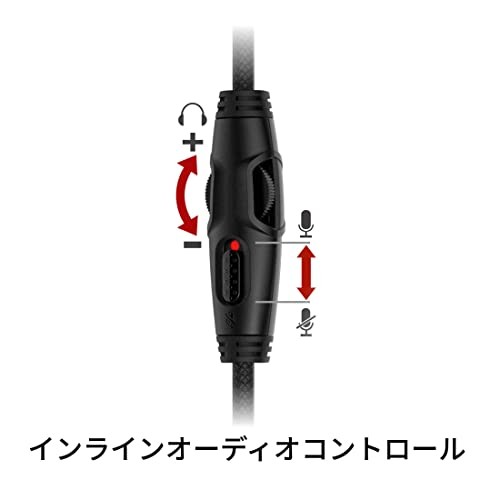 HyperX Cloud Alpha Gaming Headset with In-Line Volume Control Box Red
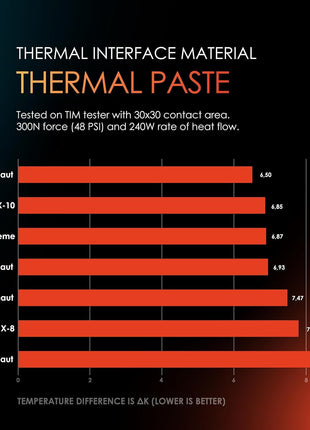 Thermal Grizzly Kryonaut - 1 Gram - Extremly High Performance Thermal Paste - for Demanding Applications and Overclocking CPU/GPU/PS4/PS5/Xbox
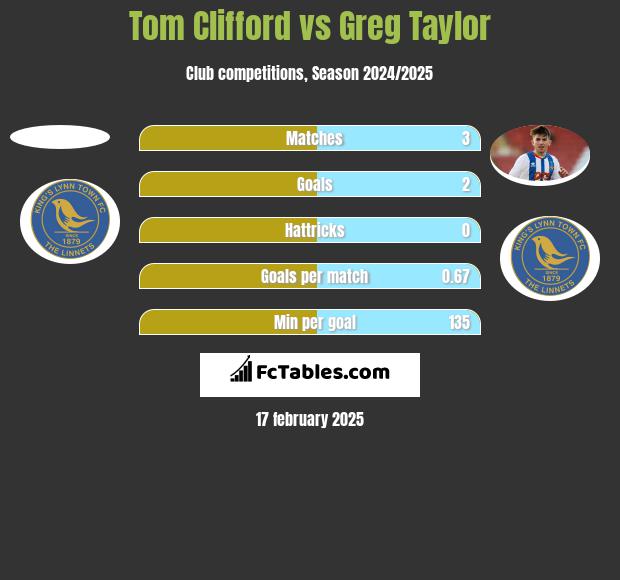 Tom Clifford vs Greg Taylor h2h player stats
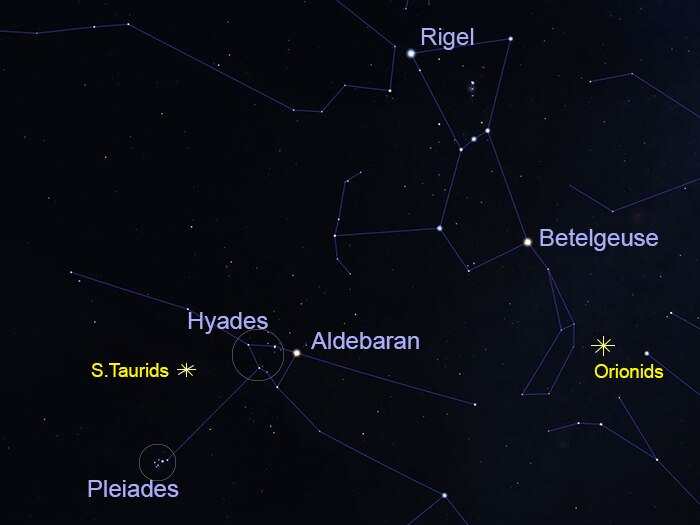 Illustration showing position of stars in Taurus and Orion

==

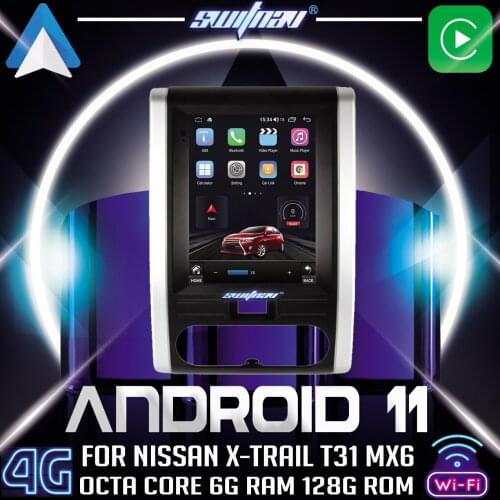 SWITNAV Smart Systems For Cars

* * *

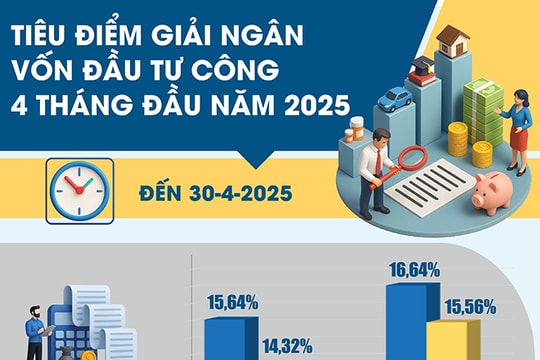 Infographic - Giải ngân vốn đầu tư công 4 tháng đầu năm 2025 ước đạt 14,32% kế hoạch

## Exercise description
From the material above, reproduce only what runs from the line holding "HyperX Cloud Alpha" down to the line holding "Illustration showing position", both included, pictures excluded.

## Result of this task
 HyperX Cloud Alpha Gaming Headset with In-Line Volume Control Box Red
 Thermal Grizzly Kryonaut - 1 Gram - Extremly High Performance Thermal Paste - for Demanding Applications and Overclocking CPU/GPU/PS4/PS5/Xbox
 Tom Clifford vs Greg Taylor h2h player stats
 Illustration showing position of stars in Taurus and Orion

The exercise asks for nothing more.